CoARF: Controllable 3D Artistic Style Transfer for Radiance Fields
Deheng Zhang, Clara Fernandez-Labrador, Christopher Schroers
TL;DR
CoARF addresses the lack of fine-grained controllability in radiance-field style transfer by introducing a multi-view 2D mask-based optimization framework that supports object selection, compositional transfers, and semantic-aware stylization. It augments the baseline ARF approach with label-dependent losses and a semantic-aware nearest-neighbor matching (SANNFM) that blends VGG texture cues with LSeg semantics. The method demonstrates superior stylization quality and controllability across forward-facing and 360° scenes, outperforming ARF and StyleRF in both qualitative and user-study evaluations. The approach is computationally efficient on modern GPUs and can generalize to other differentiable radiance-field representations, enabling practical 3D artistic editing in film and games.
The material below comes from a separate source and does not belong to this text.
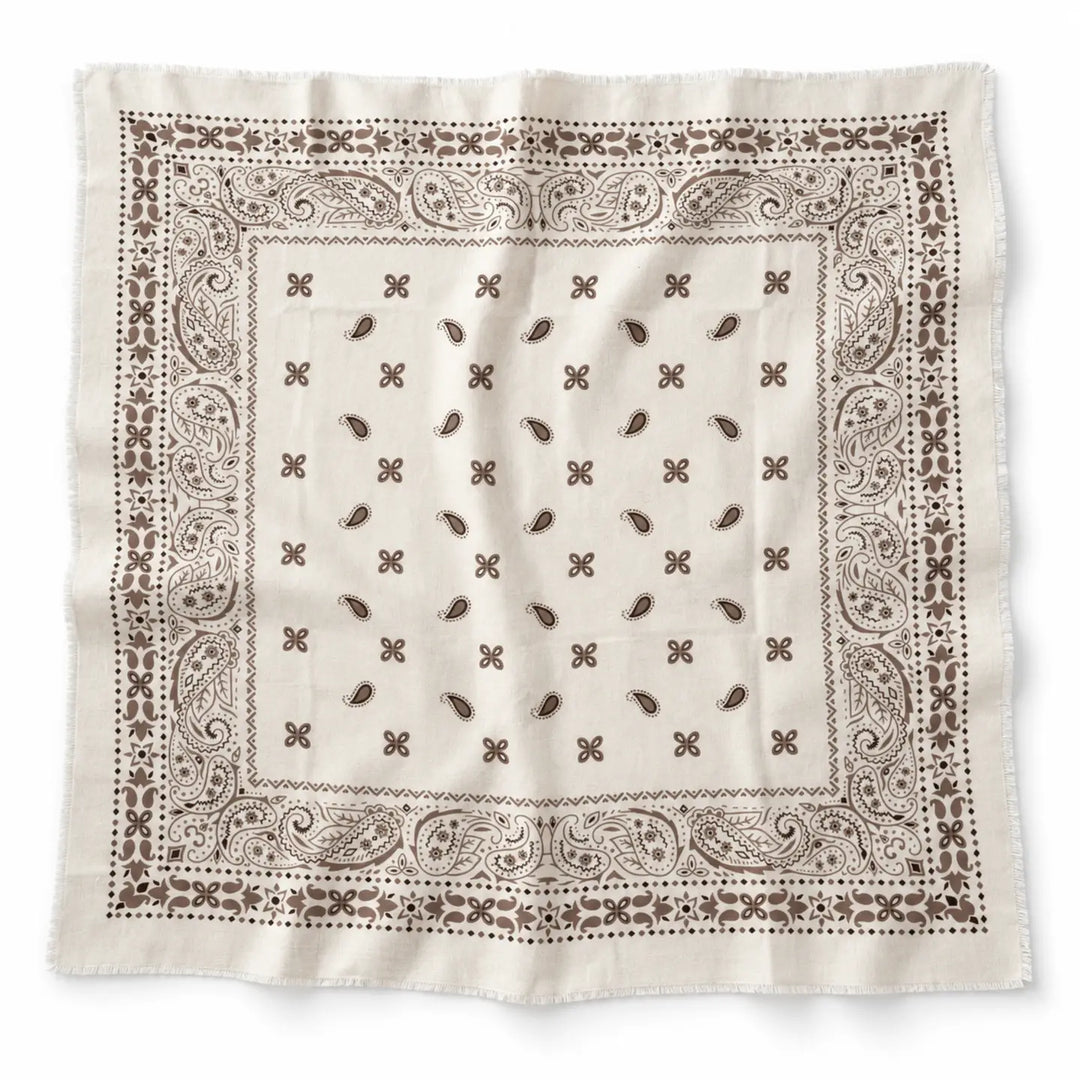 Ivory Brushed Bandana Oversized Square Scarf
The key contributions are the multi-view 2D mask-based optimization, the object/compositional/semantic control modules, and the SANNFM mechanism that improves semantic alignment during style transfer.
Abstract
Creating artistic 3D scenes can be time-consuming and requires specialized knowledge. To address this, recent works such as ARF, use a radiance field-based approach with style constraints to generate 3D scenes that resemble a style image provided by the user. However, these methods lack fine-grained control over the resulting scenes. In this paper, we introduce Controllable Artistic Radiance Fields (CoARF), a novel algorithm for controllable 3D scene stylization. CoARF enables style transfer for specified objects, compositional 3D style transfer and semantic-aware style transfer. We achieve controllability using segmentation masks with different label-dependent loss functions. We also propose a semantic-aware nearest neighbor matching algorithm to improve the style transfer quality. Our extensive experiments demonstrate that CoARF provides user-specified controllability of style transfer and superior style transfer quality with more precise feature matching.